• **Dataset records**

┄┄┄┄┄┄┄┄┄┄┄┄┄┄┄┄┄┄┄┄

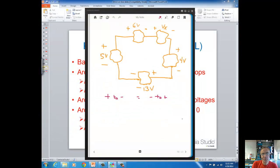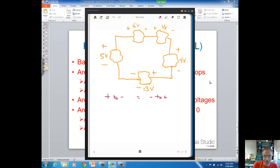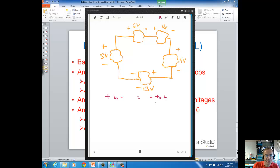Let's look at a couple of problems involving KVL. Here we have blob shapes representing elements in a circuit, with voltages and polarities defined for each. We're going to go around this closed path in a clockwise direction — we could go counterclockwise and get the same answer. It doesn't matter which direction, as long as you go the same direction through the entire loop. We'll put plus-to-minus voltages on one side of the equal sign and minus-to-plus voltages on the other.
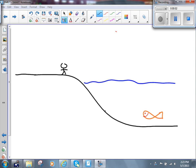Here you are again, standing at the edge of a pond, looking for a happy fish. Lo and behold, today you see one. There's a smiling fish in the water.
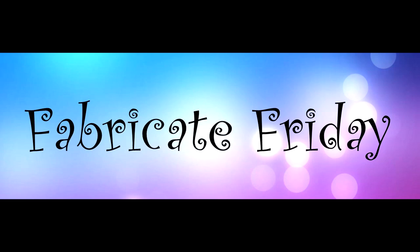Welcome to another Fabricate Friday video on my blog and YouTube channel. I'm Suzanne, a Stampin' Up! demonstrator in Canada.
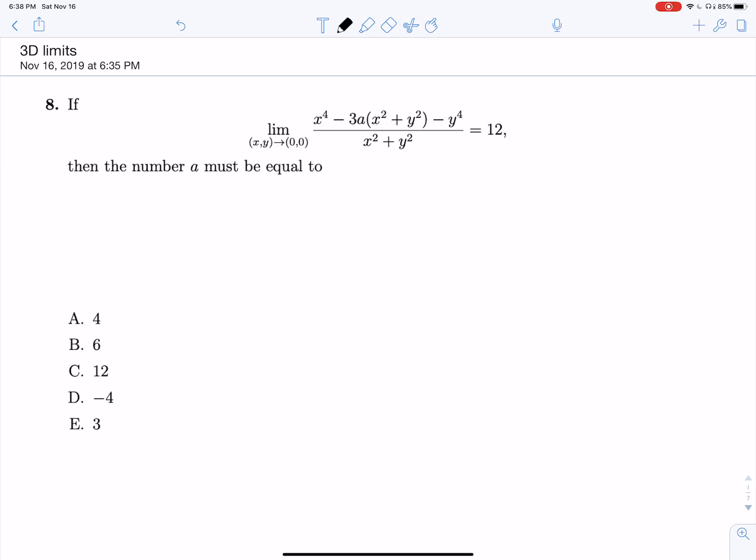Hello, today we'll be going through all of the 3D limit questions that have been asked in the past three and a half years over exams one and three, to get an idea of how to solve any of these types of problems that they might throw at us for the final.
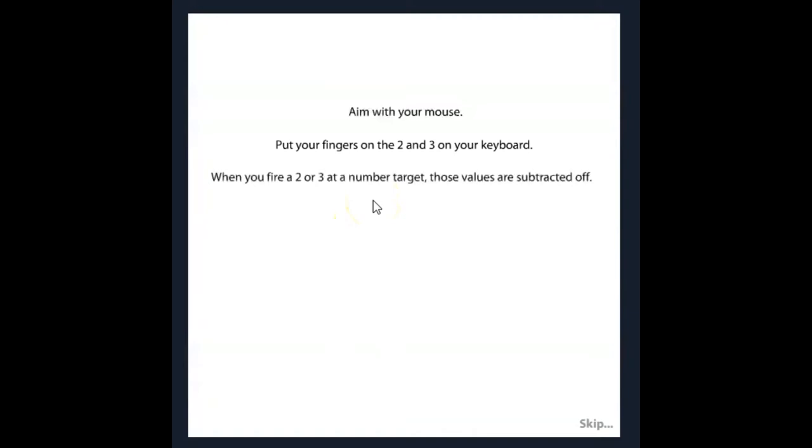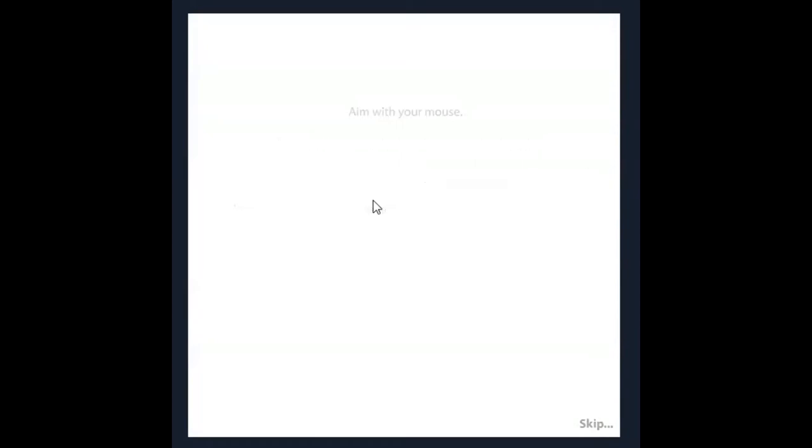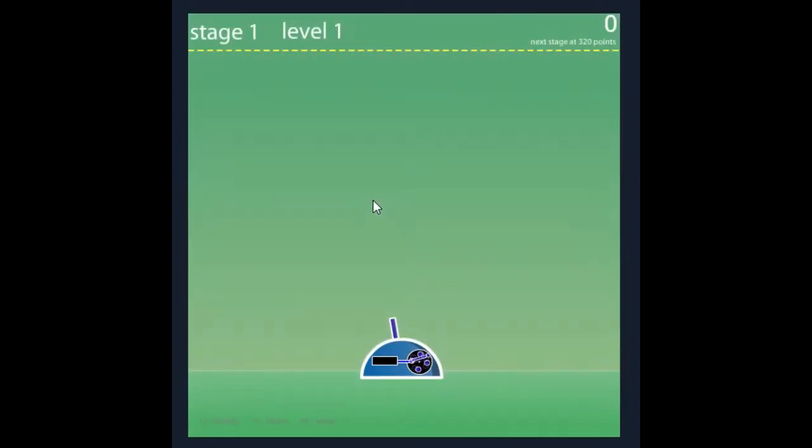Put your fingers on 2 and 3 on your keyboard. When you fire 2 or 3 at the numbers, those values are...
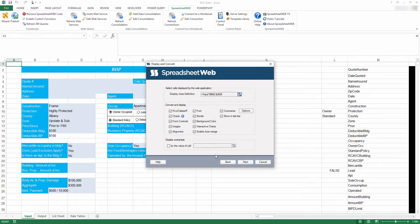This page is also home to the Convert and Display options, where you can select from several features of Excel spreadsheets and determine whether these aspects of the spreadsheet will carry over into the web application. By default, all available features are selected to be maintained and converted, including supported pivot tables, charts, form controls, images, alignment, font, borders, background colors, and comments.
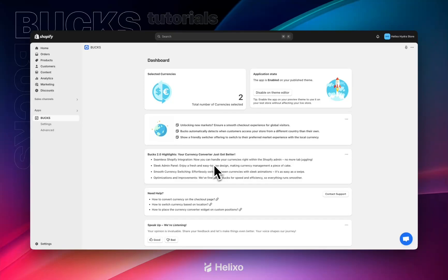Hello, welcome to Bucks tutorial videos. Are you confused with setting up money format in your store? Then this video might help you.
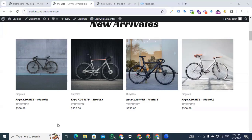Hi Digital Marketers, this is Faisal Amin. Welcome back to my channel. Today I will show you how to set up a product catalog for Facebook. So let's get started.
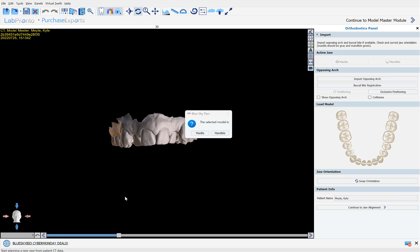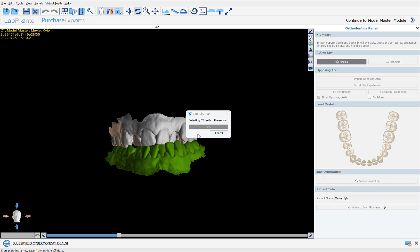The software confirms the relevant jaw for the model. Click on the relevant option and the software will proceed to automatically detect and segment the teeth from the CT scan.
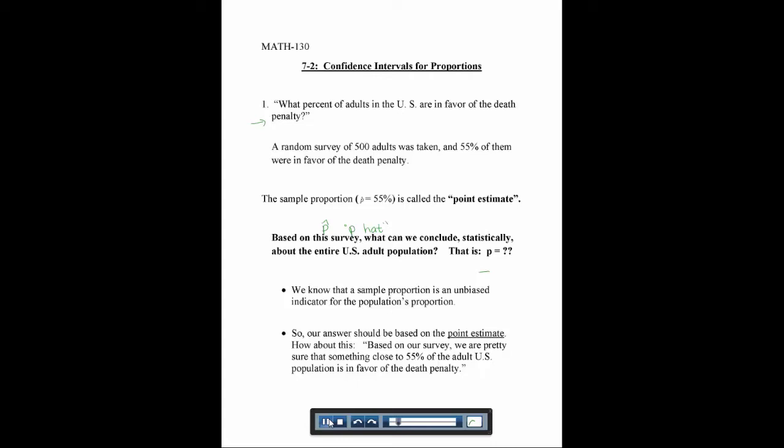Our answer should be based on the point estimate. So we could say something like: based on our survey, we are pretty sure that something close to 55% of the adult U.S. population is in favor of the death penalty. You might be thinking that doesn't sound mathematical — why are we just saying we're pretty sure? How sure are we? With only a sample, we can never be 100% sure.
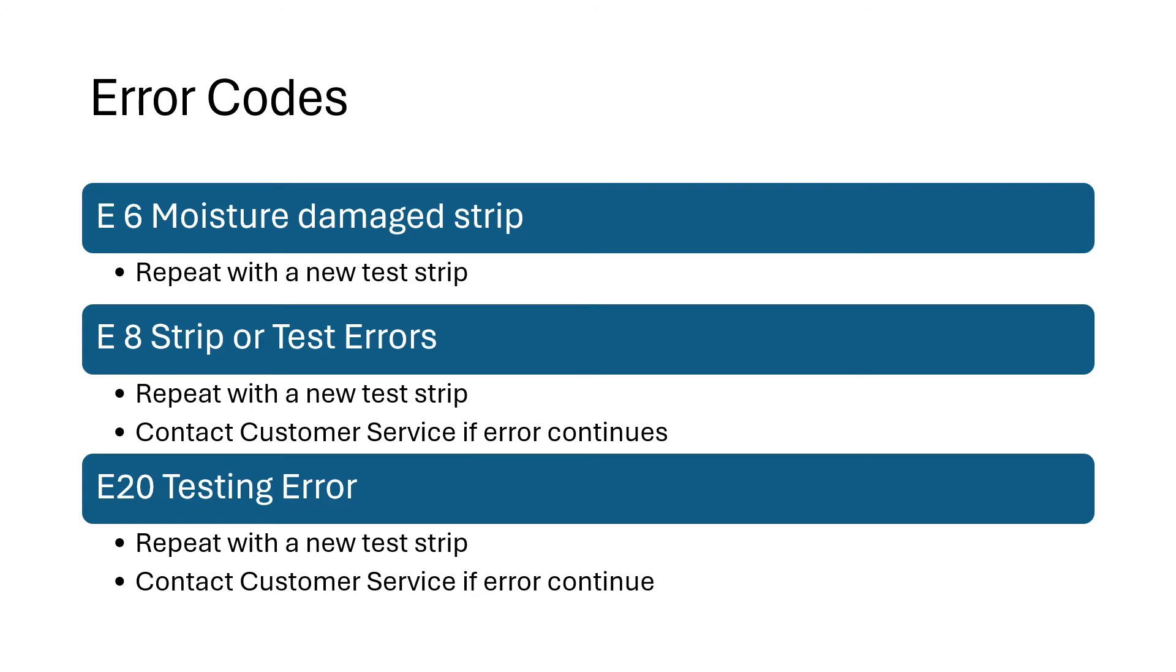E20, also a testing error. Again, repeat with a new test strip. And if it does continue, that would be an issue where you would want to contact our customer service.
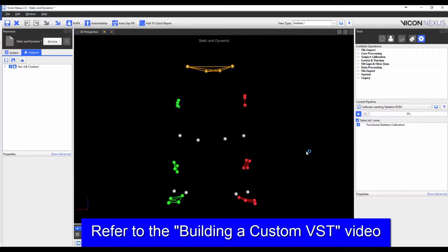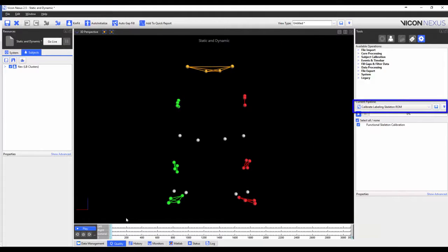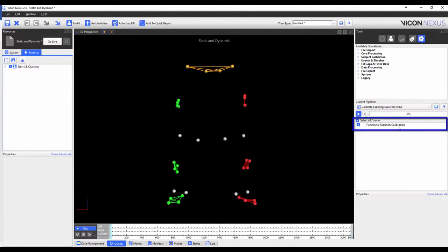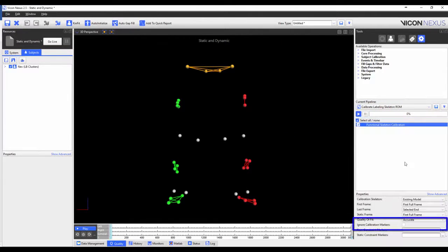I'm now going to go through the trial and make sure that my markers are properly labeled — that is, if markers switch, I switch them back; if markers become unlabeled, I label them properly. However, I do not gap fill. This is the exact same procedure that we used in the building a custom VST video. Once this is done, I'm going to make sure that the Calibrate Labeling Skeleton ROM pipeline operation is loaded, and I'm going to highlight Functional Skeleton Calibration, and then I'm going to check Ignore Calibration Markers. This is because the knee and ankle joint calibration-only markers have been removed from the VSK. Once this is done, I can press play.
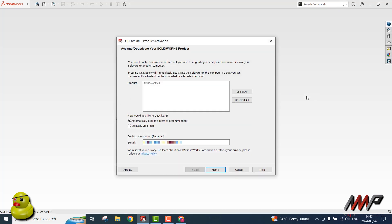To deactivate your SOLIDWORKS license, click Select All, select Automatically over the Internet, and then click Next.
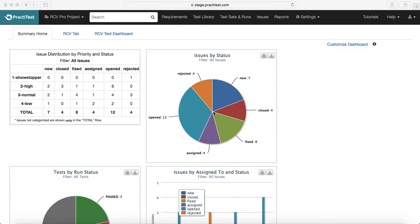Hello guys, welcome to PracticeTest training. In this session we will learn about filters in PracticeTest. Filters is another advanced topic, and we will learn how you can customize the existing filters or create new filters, and learn about some of the queries that you can utilize in the filters.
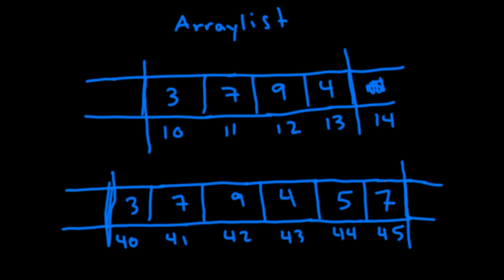One thing to note is that you can also delete from an array list. But say we deleted a few numbers. It doesn't actually shrink the array. It just keeps whatever size that it's currently on.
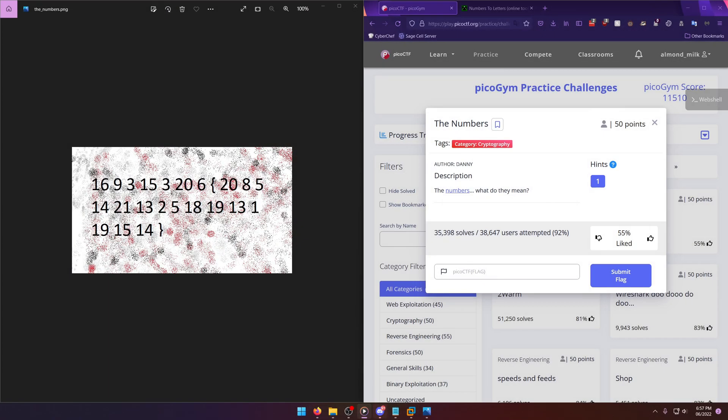Hello world, welcome back to another PicoGym workout challenge write-up video. In this video we'll be walking through the cryptography challenge called The Numbers. Let's get into it. The Numbers - what do they mean? Okay, so they give you an image file and it seemingly looks like there's a bunch of numbers, but you do see curly braces, so this is probably the flag but it's encrypted.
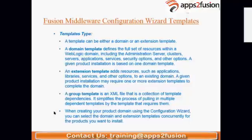For example, machine one has WebLogic with a SOA domain. Now I want to add OSB on the same machine. I run config.sh again, choose 'extend,' select the SOA domain, and on the template screen I also select the OSB component. After extending, the domain will include a new managed server — OSB_server_1.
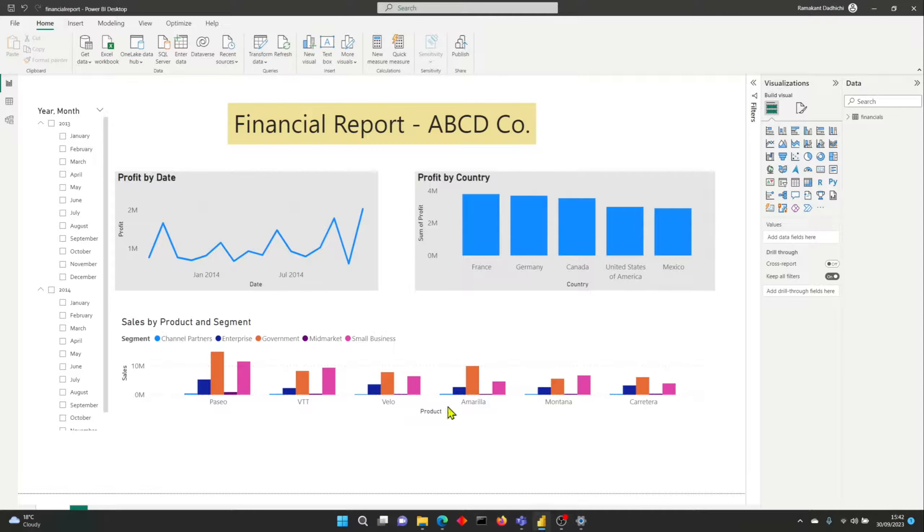So this one data gateway that you install in your virtual network or on-premises, you can refresh all your Power BI reports, or if you have Power Platform-related datasets, you can refresh those as well. So let's dive into it.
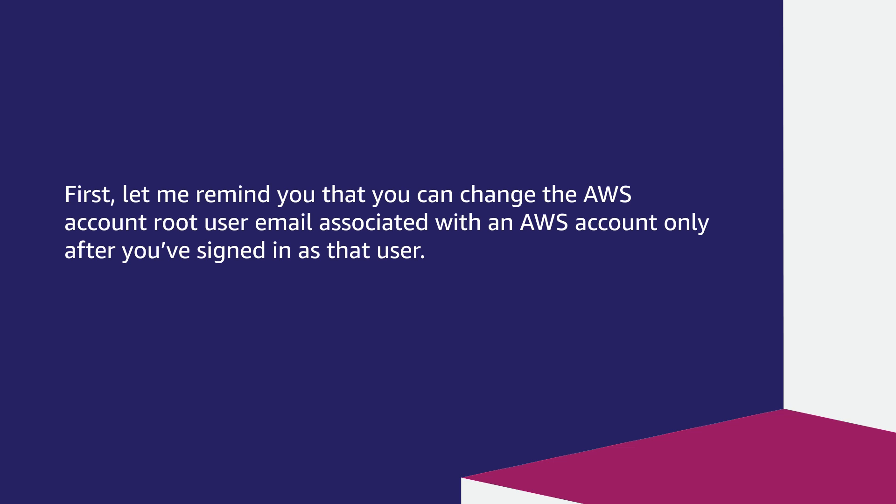First, let me remind you that you can change the AWS account root user email associated with an AWS account only after you've signed in as that user.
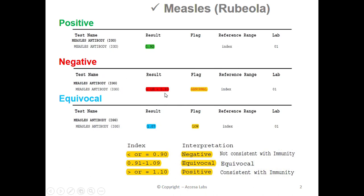Next we'll look at an equivocal result. Once again, we will look under the result header for our numerical value. This sample report has a result of 1.07. Based on the Quest Diagnostics Result Index shown here, any result between 0.91 and 1.09 is equivocal, which means that the result is neither negative nor positive.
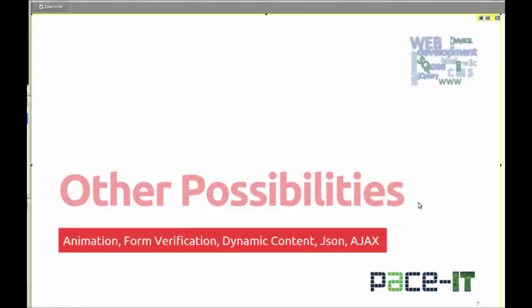JavaScript can be used for simple animation, form verification, and creating dynamic content within your page. JSON and Ajax are both forms of server communication with JavaScript. JavaScript is really your first step in making your pages truly interactive with your website users. That's what you are working on in this series of lessons — getting the interaction working with your user.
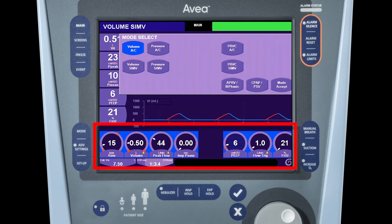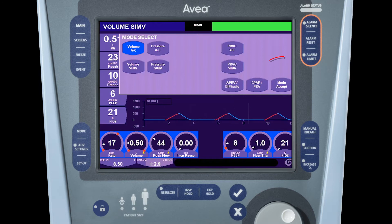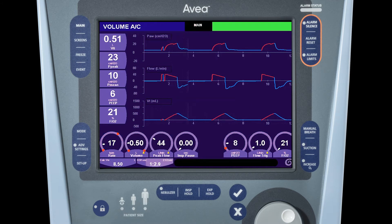To do this, select the controls you wish to change through the standard three-step touch-turn-touch process, get them set to the level desired, and then press the mode accept button on the mode select window. This will execute the changes in the primary and/or advanced settings as well as the mode.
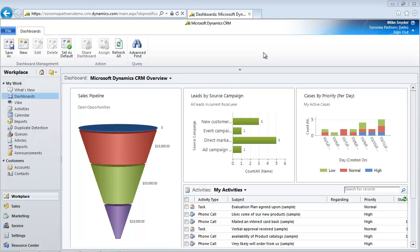The November 2011 service update of Microsoft CRM includes some great new social networking capabilities. I just wanted to spend a few minutes walking you through what it looks like, how it works, and how you might use it within your organization.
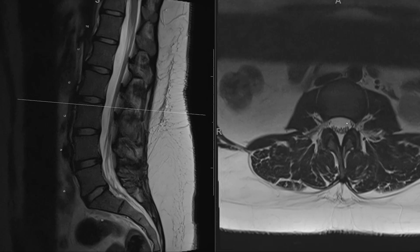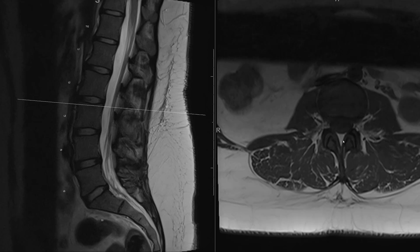Looking at the thecal sac itself — we talked about the cauda equina already. CSF is bright on T2-weighted images, so you can see CSF filling the thecal sac. Fat is also bright, found in the back and in the epidural space. The dura and arachnoid run around the thecal sac, and anything outside of that but still within the spinal canal is the epidural space, which contains fat.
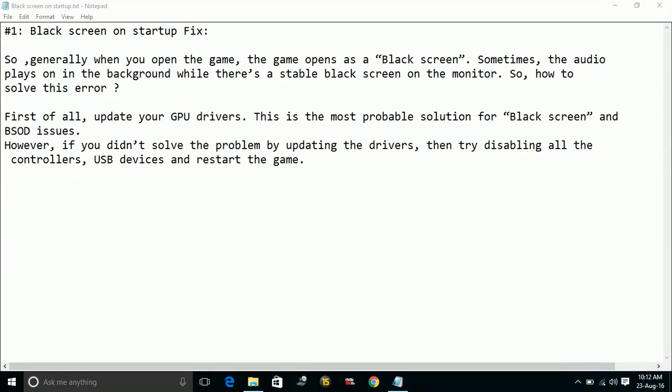So that's the only two workarounds available for this problem. So hope this works for you.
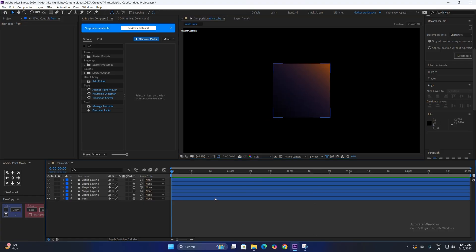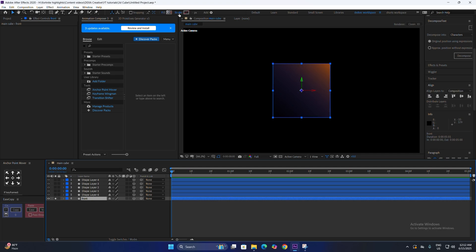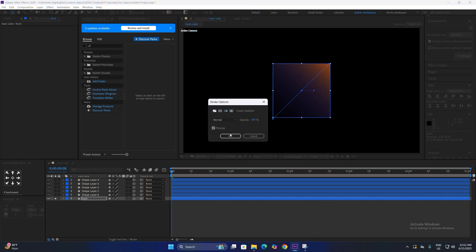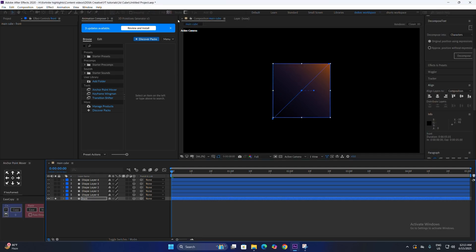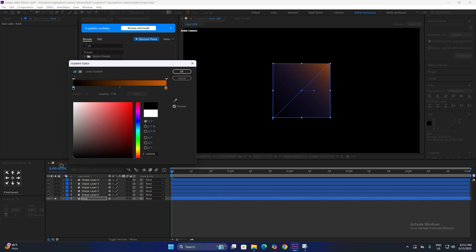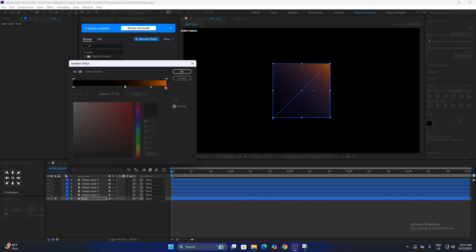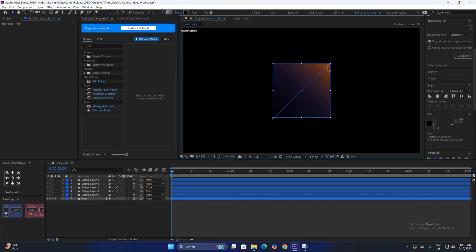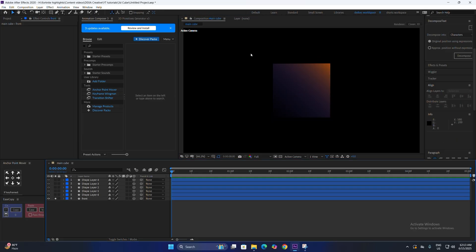Similarly, for the stroke, change it to linear gradient. Go into the settings and change one color to a vibrant orange, and change the white to completely black. Adjust the midpoint and points to the corners as well. Change the stroke width to two — we don't want very thick edges.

┄┄┄┄┄┄┄┄┄┄┄┄┄┄┄┄┄┄┄┄

• **Exercise requirements**
Each line from the top of the records through the one containing "The software confirms" needs to be transcribed exactly, without pictures.

• **Finished exercise**
Let's look at a couple of problems involving KVL. Here we have blob shapes representing elements in a circuit, with voltages and polarities defined for each. We're going to go around this closed path in a clockwise direction — we could go counterclockwise and get the same answer. It doesn't matter which direction, as long as you go the same direction through the entire loop. We'll put plus-to-minus voltages on one side of the equal sign and minus-to-plus voltages on the other.
Here you are again, standing at the edge of a pond, looking for a happy fish. Lo and behold, today you see one. There's a smiling fish in the water.
Welcome to another Fabricate Friday video on my blog and YouTube channel. I'm Suzanne, a Stampin' Up! demonstrator in Canada.
Hello, today we'll be going through all of the 3D limit questions that have been asked in the past three and a half years over exams one and three, to get an idea of how to solve any of these types of problems that they might throw at us for the final.
Put your fingers on 2 and 3 on your keyboard. When you fire 2 or 3 at the numbers, those values are...
This page is also home to the Convert and Display options, where you can select from several features of Excel spreadsheets and determine whether these aspects of the spreadsheet will carry over into the web application. By default, all available features are selected to be maintained and converted, including supported pivot tables, charts, form controls, images, alignment, font, borders, background colors, and comments.
Hello, welcome to Bucks tutorial videos. Are you confused with setting up money format in your store? Then this video might help you.
Hi Digital Marketers, this is Faisal Amin. Welcome back to my channel. Today I will show you how to set up a product catalog for Facebook. So let's get started.
The software confirms the relevant jaw for the model. Click on the relevant option and the software will proceed to automatically detect and segment the teeth from the CT scan.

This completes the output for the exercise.